What you will do = Leave every picture out, and retype all the remaining records exactly.

Extracted data =
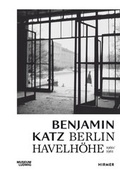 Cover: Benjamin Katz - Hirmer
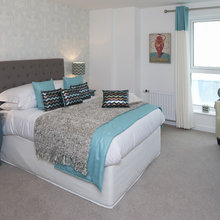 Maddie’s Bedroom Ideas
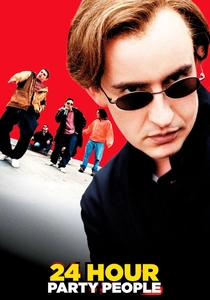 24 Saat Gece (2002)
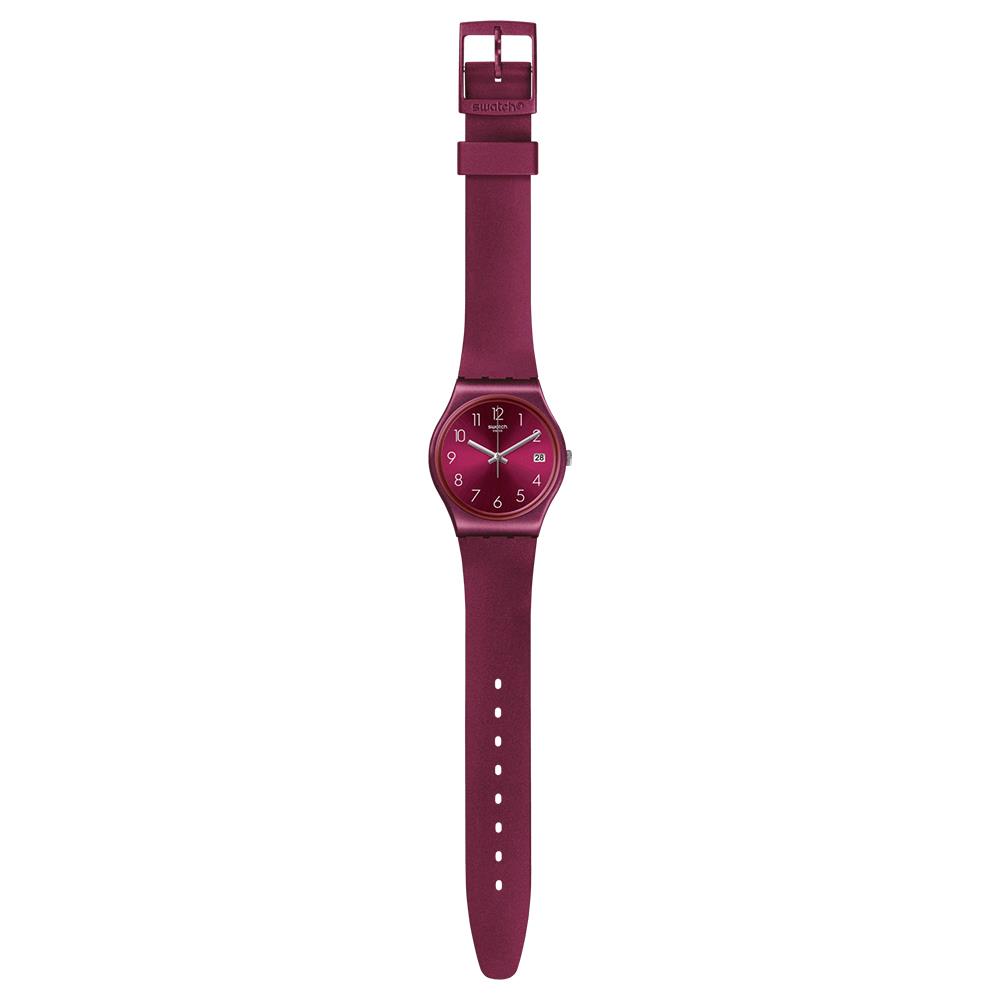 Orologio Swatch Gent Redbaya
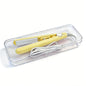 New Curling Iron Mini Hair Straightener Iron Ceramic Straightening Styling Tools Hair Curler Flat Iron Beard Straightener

Output =
 Cover: Benjamin Katz - Hirmer
 Maddie’s Bedroom Ideas
 24 Saat Gece (2002)
 Orologio Swatch Gent Redbaya
 New Curling Iron Mini Hair Straightener Iron Ceramic Straightening Styling Tools Hair Curler Flat Iron Beard Straightener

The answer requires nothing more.